Impact on Volkswagen's Brands
Premium brands within the group, Audi and Porsche, are also affected by the tariff costs and restructuring measures since these issues impact the group’s global supply chains and cost base. Audi’s focus on electrification (e.g., models like the Q6 e-tron) contributes to the lower margins as part of the overall EV transition squeeze on profits. Porsche’s financial performance is similarly influenced, as it is part of the broader Volkswagen Group and operates in both ICE (internal combustion engine) and EV segments with substantial investment demands.
Future Plans
Despite the short-term challenges, Volkswagen is focusing on continued investment in electrification and EV technologies, as the company sees strong EV momentum in Europe despite short-term profitability pressure. The company is also managing trade policy uncertainties while adapting product offerings and pricing strategies to mitigate tariff impacts on the North American market. Restructuring efforts aimed at long-term efficiency gains and repositioning within the evolving automotive market are also underway.
In Summary
Volkswagen’s Q2 2025 profit decline reflects the financial strain from U.S. tariffs, expensive restructuring, and the lower-margin transition to electric vehicles, affecting its subsidiaries like Audi and Porsche. The company is balancing these short-term challenges with a continued strategic push toward electrification and longer-term growth.
Additional Information
- Volkswagen Group experienced a 33% decrease in profit after taxes in Q2, amounting to 2.29 billion euros.

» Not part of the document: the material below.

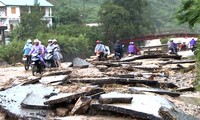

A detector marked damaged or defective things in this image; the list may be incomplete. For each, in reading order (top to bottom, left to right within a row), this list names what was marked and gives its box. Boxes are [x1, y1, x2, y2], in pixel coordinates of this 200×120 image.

broken concrete slab [0, 84, 55, 118]
broken concrete slab [20, 92, 50, 109]
broken concrete slab [70, 96, 92, 115]
broken concrete slab [90, 92, 176, 119]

- The expected operating profit share of sales for the group is between 4.0 and 5.0 percent.
- Volkswagen's CEO, Oliver Blume, is satisfied with the increasing sales of electric cars, with a 28 percent market share in Europe.
- Volkswagen Group plans to cut around 35,000 jobs by 2030, which is about one in four jobs.
- Audi is also introducing new models, which is temporarily slowing sales.
The financial struggles experienced by Volkswagen Group have extended to other sectors, as the decline in profit for Q2 2025, influenced by U.S. tariffs, restructuring costs, and the shift towards electric vehicles, has also impacted the group's business, finance, and sports industry subsidiaries, such as Audi and Porsche. In an effort to maintain growth and overcome these short-term challenges, the company continues to invest in electrification, EV technologies, and restructuring efforts that are aimed at improving long-term efficiency and repositioning within the evolving automotive market.